Required work: Among the entries below, only the lines from the one with "エルメス HERMES キーリング ラフランス レディース 中古" through the one with "New Era x Politics" are wanted, reproduced exactly. Pictures are not wanted.

Records:
----------------------------------------
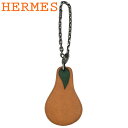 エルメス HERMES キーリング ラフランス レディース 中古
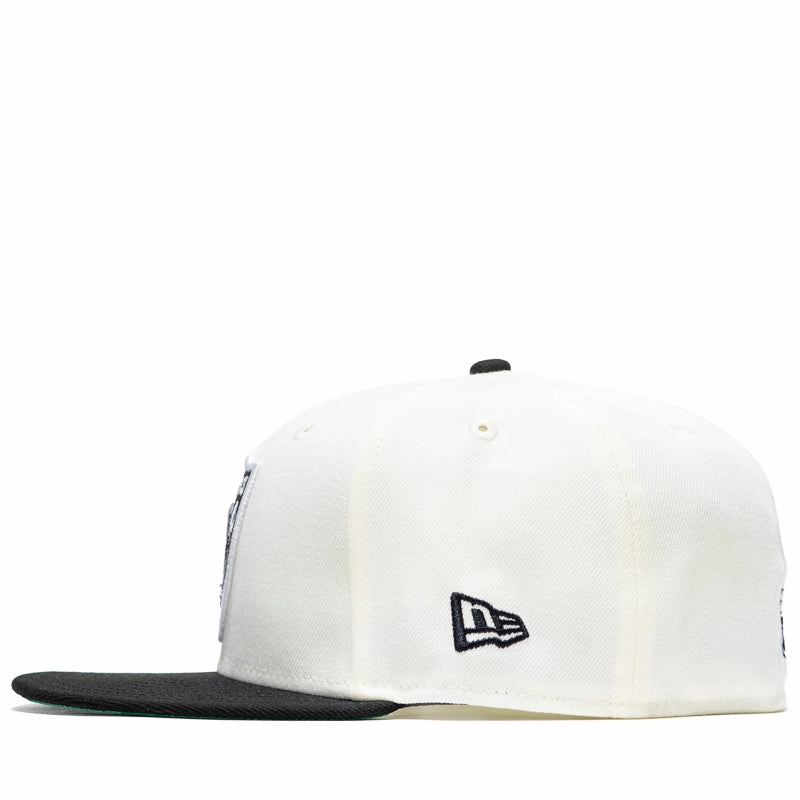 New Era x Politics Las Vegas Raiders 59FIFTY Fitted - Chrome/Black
----------------------------------------
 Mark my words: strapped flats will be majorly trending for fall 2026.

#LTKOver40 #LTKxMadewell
----------------------------------------
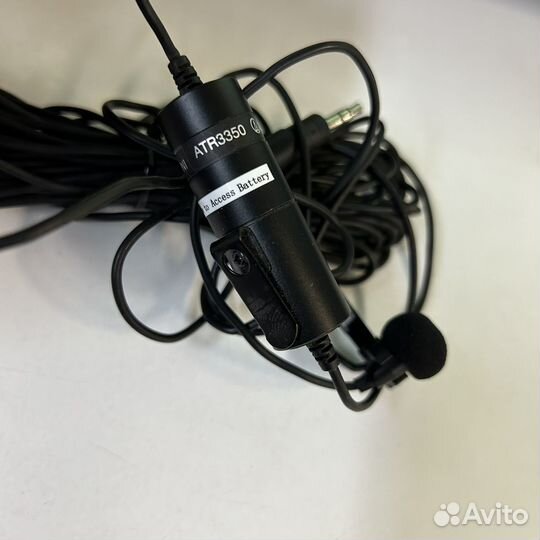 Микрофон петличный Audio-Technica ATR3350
----------------------------------------
Solution to this task:
 エルメス HERMES キーリング ラフランス レディース 中古
 New Era x Politics Las Vegas Raiders 59FIFTY Fitted - Chrome/Black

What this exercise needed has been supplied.